Dr. Thompson has been collaborating with Dr. Fong for the past several years investigating the toxicity of nanoparticles on aquatic organisms. This summer I will be taking over for Kevin, who assisted with the nanotoxicity project in the past. Currently we are investigating the potential of gold nanoparticles as a carrier for antidepressants and the effect this may have on organisms. Dr. Fong has extensively investigated the impact of several antidepressants on snail mobility. This summer, our work involves linking the antidepressant fluoxetine to gold nanoparticles and then treating both freshwater and marine snails to see if the nanoparticle carrier alters the effect of the drug on these snails.
While it is possible to attach larger molecules to the surface of a nanoparticle individually via a specific linkage, the physics of the curved surface of a spherical nanoparticle often makes it difficult. For this reason, we are employing a polymer which we can attach to both the drug molecules and to the surface of a nanoparticle. Polyacrylamide-co-n-hydroxysuccinimide (PAN) is a prepolymer consisting of acrylamide and n-acryloxysuccinimide repeats. This particular combination is very useful because it contains a special type of ester (n-hydroxysuccinimide or NHS ester) along the polymer backbone which are highly reactive to amine groups. Therefore, through a substitution reaction, we can replace these esters with molecules that have amine groups. Fluoxetine has an amine, allowing us to be able to link it to the polymer. Because thiol groups associate with the nanoparticle surface, we will be using a linker molecule (3-methylthiopropylamine or MTP) which has a thiol ether on one side of a carbon chain and an amine on the other end, allowing us to couple the drug containing polymer to the nanoparticle.
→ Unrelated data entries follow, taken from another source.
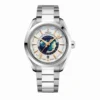 Omega Aqua Terra Worldtimer replica 220.10.43.22.03.001, white city ring, blue and green world map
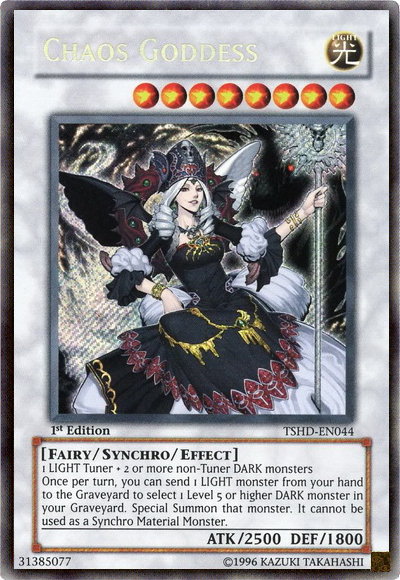 Chaos Goddess [TSHD-EN044] Secret Rare | Devastation Store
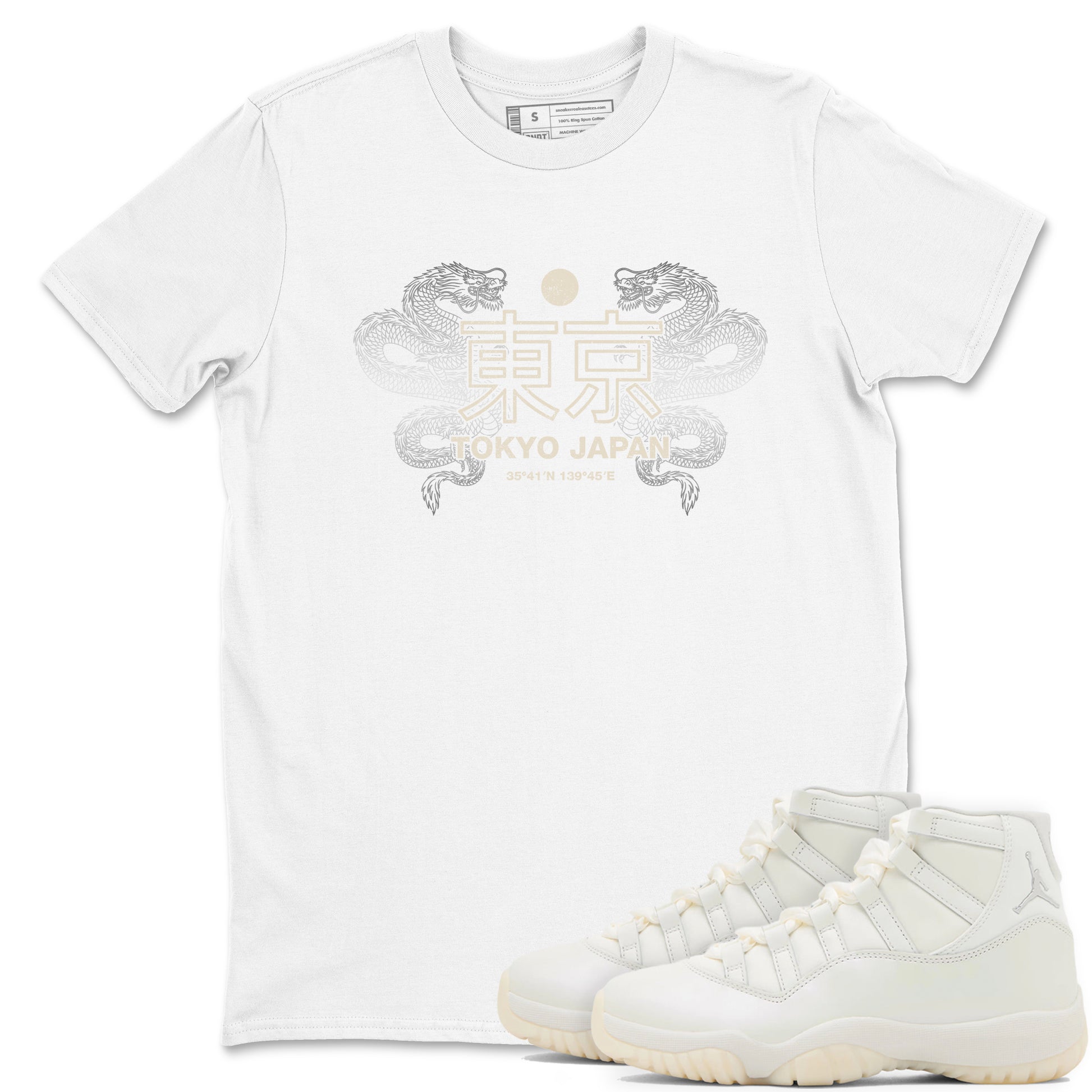 Tokyo Dragons SNRT Sneaker Tees - Air Jordan 11 Pearl - SNRT Sneaker T-shirts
Therefore, we have fluoxetine carrying nanoparticle, ready to expose to our snails.
Currently, we are performing a series of pre-experimental tests, specifically assessing the kinetics of the amine containing molecules to ensure they will sufficiently bind to the polymer. Because of the nature of the biological tests with snails, it is extremely important that we are able to control how much fluoxetine binds to the nanoparticle to most accurately replicate the concentrations previously shown to impact the snails. Once we can sufficiently quantify fluoxetine binding and manipulate it accordingly, we will be able to bind the drug containing polymer to the nanoparticles, prepare the necessary environmental concentrations, and then treat the snails.
My interest in this project deals with its highly interdisciplinary nature. At this point, I want the opportunity to explore a variety of different topics, techniques, and ideas. Despite knowing some of the diversity associated with this project, I never expected that I would be performing atmospherically controlled organic syntheses using anhydrous reagents and radicals. Dr. Thompson, who has devoted his career to investigating surface chemistry and modifying nanoparticle and planar surfaces, often jokes that he is becoming an organic chemist. In addition to the organic reactions, we are also employing a variety surface chemistry techniques and analytical techniques, not to mention an entire set of biological assays.